Problem details:
Could you repeat the listing exactly, leaving out the pictures?

Data:
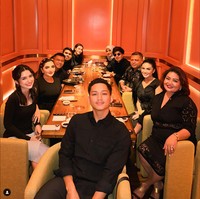 Rupanya Azriel melamar Sarah saat acara perayaan hari ulang tahunnya yang ke-24 bersama keluarga. Dalam foto yang dibagikan terlihat semua yang hadir kompak mengenakan pakaian berwarna hitam. Foto: Instagram/@azriel_hermansyah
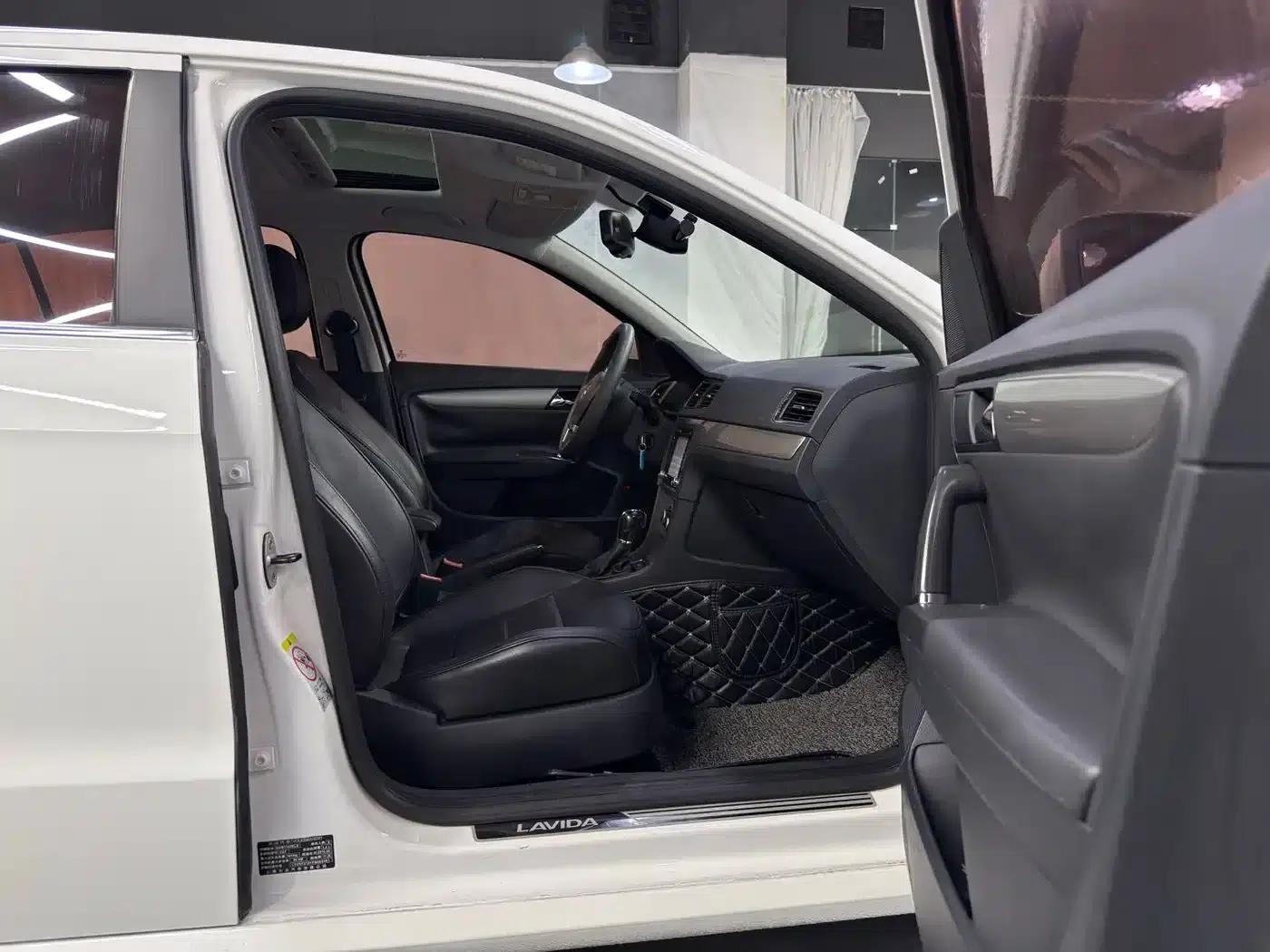 2013 Volkswagen Lavida Facelift 1.4TSI DSG Comfort Edition — миниатюра 18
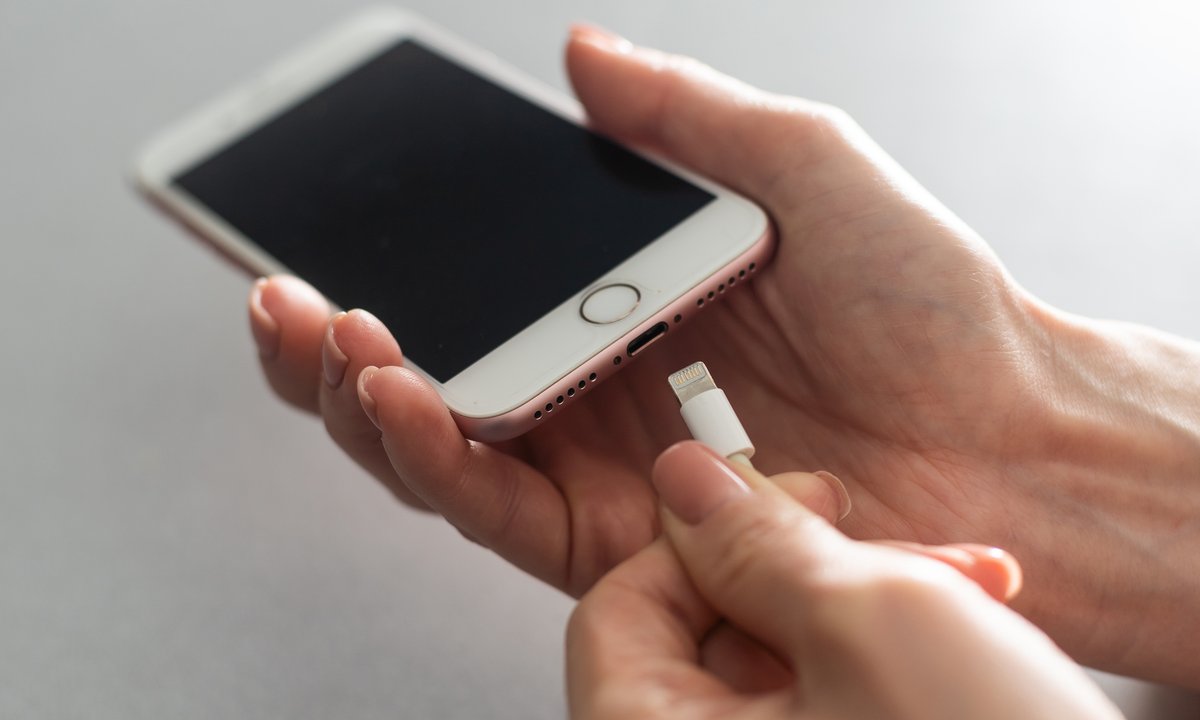 Kiedy ładować telefon? Rano czy wieczorem? Eksperci tłumaczą, co jest lepsze dla baterii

Answer to this exercise:
 Rupanya Azriel melamar Sarah saat acara perayaan hari ulang tahunnya yang ke-24 bersama keluarga. Dalam foto yang dibagikan terlihat semua yang hadir kompak mengenakan pakaian berwarna hitam. Foto: Instagram/@azriel_hermansyah
 2013 Volkswagen Lavida Facelift 1.4TSI DSG Comfort Edition — миниатюра 18
 Kiedy ładować telefon? Rano czy wieczorem? Eksperci tłumaczą, co jest lepsze dla baterii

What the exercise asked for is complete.